Apakah berkeringat identik dengan berolah raga? Saya jawab sendiri, “Jelas dong!” Kalau raga didiamkan tanpa diolah (digerakkan), mana mungkin berkeringat sebagaimana seharusnya. Tapi, apakah olah raga itu seharusnya seperti sepakbola, basket, marathon, angkat besi, dan seterusnya?Entahlah.

Lho, kok “entahlah”? Karena, kalau saya amati selama ini, meskipun seseorang selalu berkeringat atau berolah raga, semisal profesinya tukang kebun, tidak mungkin dia disebut “olahragawan”, ‘kan? Makanya, saya memilih judulnya “Berkeringat”, yang berkaitan dengan “olah raga”, “gerak fisik”, dan sejenisnya. Kayaknya lebih afdol begitu.

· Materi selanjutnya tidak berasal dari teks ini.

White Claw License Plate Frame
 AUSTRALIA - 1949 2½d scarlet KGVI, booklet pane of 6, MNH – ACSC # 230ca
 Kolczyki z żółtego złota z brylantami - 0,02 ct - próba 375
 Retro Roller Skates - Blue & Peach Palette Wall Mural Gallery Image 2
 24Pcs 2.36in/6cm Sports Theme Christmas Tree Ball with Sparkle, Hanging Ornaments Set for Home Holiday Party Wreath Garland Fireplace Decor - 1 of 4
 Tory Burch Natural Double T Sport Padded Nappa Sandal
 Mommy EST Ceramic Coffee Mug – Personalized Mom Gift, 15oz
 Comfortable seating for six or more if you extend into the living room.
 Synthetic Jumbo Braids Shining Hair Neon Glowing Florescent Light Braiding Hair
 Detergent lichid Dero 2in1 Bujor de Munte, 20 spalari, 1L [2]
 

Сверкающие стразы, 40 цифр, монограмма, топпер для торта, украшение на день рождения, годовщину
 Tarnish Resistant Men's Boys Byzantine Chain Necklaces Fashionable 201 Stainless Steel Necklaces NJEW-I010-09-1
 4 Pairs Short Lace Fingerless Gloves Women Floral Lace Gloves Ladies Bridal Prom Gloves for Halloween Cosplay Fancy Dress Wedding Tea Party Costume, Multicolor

Sewaktu balita saya sering sakit, khususnya sakit kuning. Tidak jarang saya harus menginap (opname) di rumah sakit (R.S. Unit Penambangan Timah Bangka, Sungailiat). Tapi, kalau tidak sakit bahkan masih terasa sakit, saya selalu berusaha keluar rumah, dan bermain dengan kawan-kawan sebaya. Tentu saja selalu berkeringat.

Sebagai anak kampung pelosok (Kampung Sri Pemandang Atas), yang ketika belum remaja suka bermain dengan kawan-kawan, berkeringat merupakan hal yang biasa. Lahan tetangga yang tersisa (belum terbangun) dengan rata-rata melebihi 100 m2, bermain kejar-kejaran (usek-usek cuit, usek-usek patung, dll.), berlari dengan membawa pelepah pisang seolah berkuda atau sambil membawa sebatang kayu seolah sedang balapan motor, main petak umpet (gom kaleng), memanjat pohon karet, dan seterusnya, selalu berimbas pada basah-kuyup sekujur tubuh dan pakaian.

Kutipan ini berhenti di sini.